Book Review: Everything I Never Told You

Everything I Never Told You Book coverI was browsing Huffingtonpost’s book section and came across a list of the Top 20 Must Feminist Reads for young adults. I wanted to read every single book but one did jump out at me. Everything I Never Told You by Celeste Ng is a gripping tale about a Chinese American family in small town Middleton, Ohio. In it Ng explores all the themes we’ve come to love in a YA novel: parental expectations, teenage confusion, love, the need to please, the bad boy, and American identity. We’ve all experienced one or more of these issues throughout our own lives, but Ng applies an unfamiliar and dark spin.

Everything I Never Told You opens with the sad realization that Lydia Lee, favorite child of Marilyn and James Lee, is dead. It’s a shocking and unexpected way to open a book. There wasn’t a build-up. No “is she missing” or “where could she have gone” drama unfolding in the first few chapters. By starting the story with her death Ng is able to quickly cut to the meat of the storyline – reality versus the imagined.

Unlike her other two siblings, Lydia takes after her American mother. Blue-eyed and with blonde hair, Lydia is adored by her father and pushed by her mother to be the doctor she never got to be. Lydia is anything but an irresponsible child. She is smart, driven, responsible, and kind. In her parents’ eyes she is the perfect model of an American girl. Her other two siblings take after their Chinese father. They are clearly Oriental and thus unable to fully assimilate into the American way of life. Even though James was born in American everyone assumes he is an immigrant. For Marilyn, she is scrutinized as the white woman who defied conventions, gave up her dream to be a doctor, and married someone un-American; someone who doesn’t and will never fit in. So for the Lee’s, it is all on Lydia’s shoulders to be everything her parents could and will never be, and to validate their family’s place in America.
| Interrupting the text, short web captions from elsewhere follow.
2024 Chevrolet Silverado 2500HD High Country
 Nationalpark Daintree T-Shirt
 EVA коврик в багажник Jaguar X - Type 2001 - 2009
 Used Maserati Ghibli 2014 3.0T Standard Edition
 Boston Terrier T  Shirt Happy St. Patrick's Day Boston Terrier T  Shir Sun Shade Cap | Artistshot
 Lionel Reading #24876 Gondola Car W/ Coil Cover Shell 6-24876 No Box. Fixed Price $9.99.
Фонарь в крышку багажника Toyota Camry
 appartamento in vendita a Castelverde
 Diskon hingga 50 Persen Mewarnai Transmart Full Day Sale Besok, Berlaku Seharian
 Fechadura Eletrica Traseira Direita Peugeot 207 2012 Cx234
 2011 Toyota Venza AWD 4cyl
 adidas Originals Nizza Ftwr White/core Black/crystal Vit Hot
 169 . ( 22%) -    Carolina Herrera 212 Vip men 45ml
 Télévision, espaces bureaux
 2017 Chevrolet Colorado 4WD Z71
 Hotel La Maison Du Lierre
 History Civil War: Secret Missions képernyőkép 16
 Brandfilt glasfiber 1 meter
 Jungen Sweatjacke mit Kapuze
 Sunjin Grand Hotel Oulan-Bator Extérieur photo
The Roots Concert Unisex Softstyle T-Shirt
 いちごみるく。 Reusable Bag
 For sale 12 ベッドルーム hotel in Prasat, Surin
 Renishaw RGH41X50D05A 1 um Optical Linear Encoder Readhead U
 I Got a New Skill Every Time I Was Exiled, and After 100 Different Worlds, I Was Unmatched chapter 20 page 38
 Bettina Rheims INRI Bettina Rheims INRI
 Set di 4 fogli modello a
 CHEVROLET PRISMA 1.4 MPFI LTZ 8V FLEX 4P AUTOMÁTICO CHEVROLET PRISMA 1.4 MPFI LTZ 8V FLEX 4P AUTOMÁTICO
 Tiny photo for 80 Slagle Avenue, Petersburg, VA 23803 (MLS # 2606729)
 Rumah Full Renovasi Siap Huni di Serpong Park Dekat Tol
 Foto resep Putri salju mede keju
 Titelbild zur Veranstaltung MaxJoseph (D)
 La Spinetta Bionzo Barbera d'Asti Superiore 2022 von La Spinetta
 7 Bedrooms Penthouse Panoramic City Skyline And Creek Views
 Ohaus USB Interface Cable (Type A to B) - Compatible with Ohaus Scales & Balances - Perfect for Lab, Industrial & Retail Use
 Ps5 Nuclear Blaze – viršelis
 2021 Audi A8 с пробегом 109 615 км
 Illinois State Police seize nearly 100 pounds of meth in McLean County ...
However, once her body is discovered this delicately woven and fragile narrative is dashed to pieces. In an effort to understand why her daughter drowned in a lake she had no business being near, Marilyn goes into her room in search of her diaries.

“With one finger, she tugs out the last diary: 1977. It will tell her, she thinks. Everything Lydia no longer can. Who she had been seeing. Why she had lied to them. Why she went down to the lake.

“The key is missing, but Marilyn jams the tip of a ballpoint into the catch and forces the flimsy lock open. The first page she sees, April 10, is blank. She checks May 2, the night Lydia disappeared. Nothing. Nothing for May 1, or anything in April, or anything in March. Every page is blank. She takes down 1976. 1975. 1974. Page after page of visible, obstinate silence. She leafs backward all the way to the very first diary, 1966: not one word. All those years of her daughter’s life, unmarked. Nothing to explain anything.”

Nothing. That is what Marilyn discovers. She is unable to find the answers to her questions and as the story continues to unfold secrets come to light and each character discovers something about themselves that is a lie. Racial tensions appear as each family member struggles with the loss of Lydia and begin to question their own place in the world. Resent and self-loathing manifest themselves through pointed-fingers and affairs. And questions are asked about what could have been done to prevent such a tragedy. By the end of the book the portrait painted of the perfectly happy and successful Asian-American family is no longer recognizable.

Everything I Never Told You is a wonderful YA drama that delves into the identity crises many interracial couples and mixed children face in America. It looks at the constraints placed and preconceived judgments people make and how that can often lead to tragedy. We learn about Lydia and her family not from what they decide to share with each other but from what they withhold and why. And as we all know – the truth always comes to light.